Working with Microsoft’s ONNX Runtime

Categories Artificial Intelligence, Machine Learning, Microsoft

You’ve spent days (weeks?) applying data science best practices to your shiny new dataset to make sure it is balanced, unbiased, privacy oriented, and representative of your target inference goals. You have also spent nearly as much (or more) time experimenting with neural network models in order to find that perfect balance between accuracy and generalization. Now you want to make your model available for use, either internally or to the public. How do you go about doing so?

The subfield of machine learning operations (MLOps) is a relatively new spinoff from DataOps and DevOps, in a way a merger of the best practices of both. While MLOps is primarily focused on production-scale ML deployments, there are often simpler MLOps workflows that involve models embedded in smaller systems, or even on edge devices. To provide flexibility in all these scenarios, the Open Neural Network Exchange (ONNX) (ONNX| Home, n.d.) was developed to allow interoperability between ML frameworks and optimized runtimes for various target environments. One such runtime that we’ll explore in this post is the Microsoft ONNX Runtime (ONNX Runtime | Home, n.d.).
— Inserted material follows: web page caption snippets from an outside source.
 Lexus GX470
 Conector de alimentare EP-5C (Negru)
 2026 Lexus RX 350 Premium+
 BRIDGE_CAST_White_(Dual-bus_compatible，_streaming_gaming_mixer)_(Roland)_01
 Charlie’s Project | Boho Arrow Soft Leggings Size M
Why The Microsoft ONNX Runtime?

In a nutshell – flexibility. Many people see “Microsoft” as a Windows-only, Azure-only software vendor, which might have been true many years ago. However, with the open sourcing of .Net Core and the advent of Visual Studio Code, Microsoft’s strategy has begun to shift towards more cross-platform support and code transparency in many of its developer products. The ONNX Runtime is no exception, as seen in Figure 1.

Figure 1: Strong cross-platform support (Source)
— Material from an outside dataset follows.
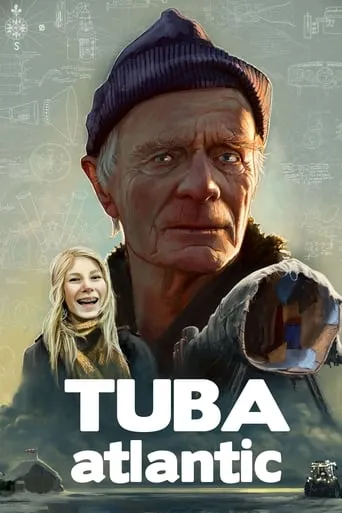 Tuba Atlantic movie poster - Rated 5.8/10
Beyond cross-platform support, Microsoft is also one of the ONNX Consortium members and a major supporter of the standard, even when it was only a Linux Foundation incubator project. Additionally, they have provided optimization tooling for non-Microsoft frameworks (like DeepSpeed for PyTorch and HuggingFace) (“DeepSpeed,” n.d.) which indicates that they are committed to promoting the use of ML open standards and are not betting on any one ML movement. Microsoft’s final pièce de résistance is the ONNX Model Zoo that provides a collection of SOTA and seminal pretrained DL models, exported in ONNX for use by anyone, anywhere (ONNX Model Zoo, n.d.).
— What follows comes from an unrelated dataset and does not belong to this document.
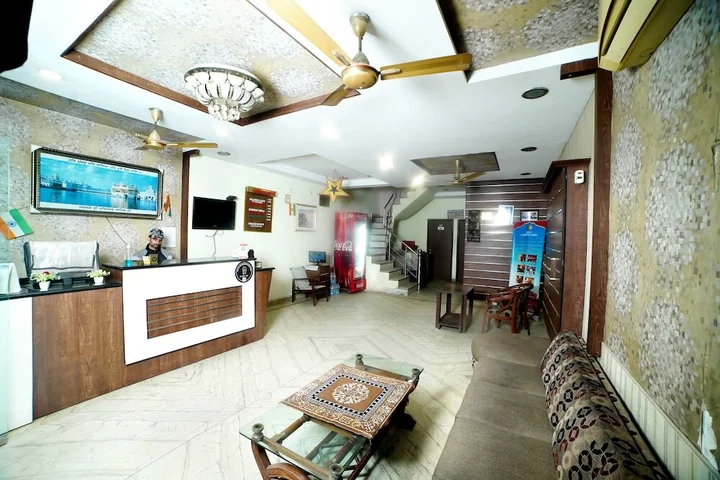 Амритсар: Hotel Holiday Comfort - 800 mts from Jallianwala Bagh, Amritsar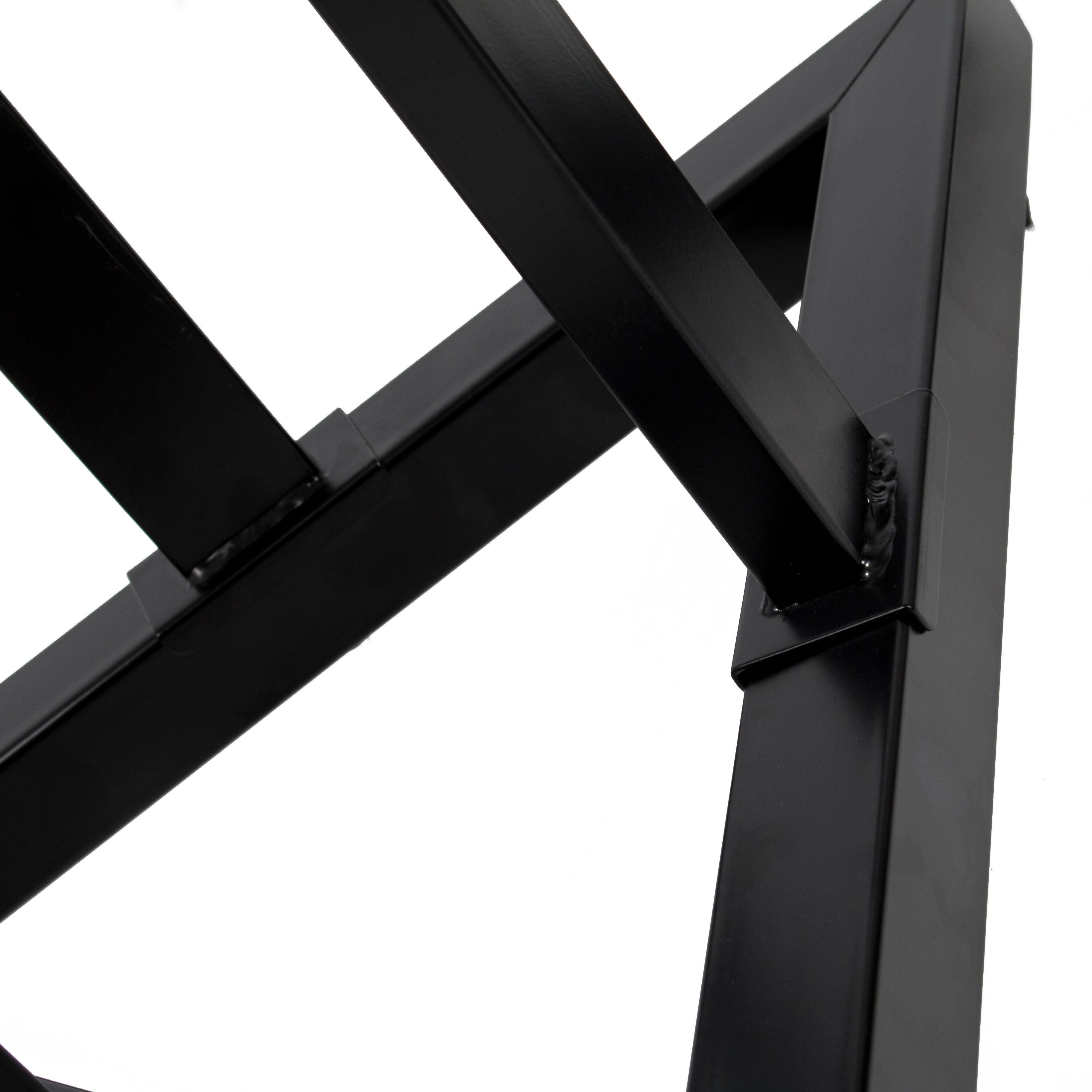 Innox IVA MON-03 studio monitor statief (set van 2)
All things considered, it’s a great platform to experiment with for production inference deployment, as well as smaller-scale solutions, and fairly easy to use IMHO.

Leveraging the runtime

For our example, I’m going to use a language ecosystem that is pervasive in the business world, as well in many production deployment environments – which also happens to have relatively weak representation when it comes to machine learning – Java. Sure, there are DL4J, SparkML, and a few other rarified and/or challenging clustering tools in the Java ecosystem, but not many simple mechanisms to deploy an externally-trained model in a Java environment short of trying to bridge Python and Java. The ONNX Runtime fills this need.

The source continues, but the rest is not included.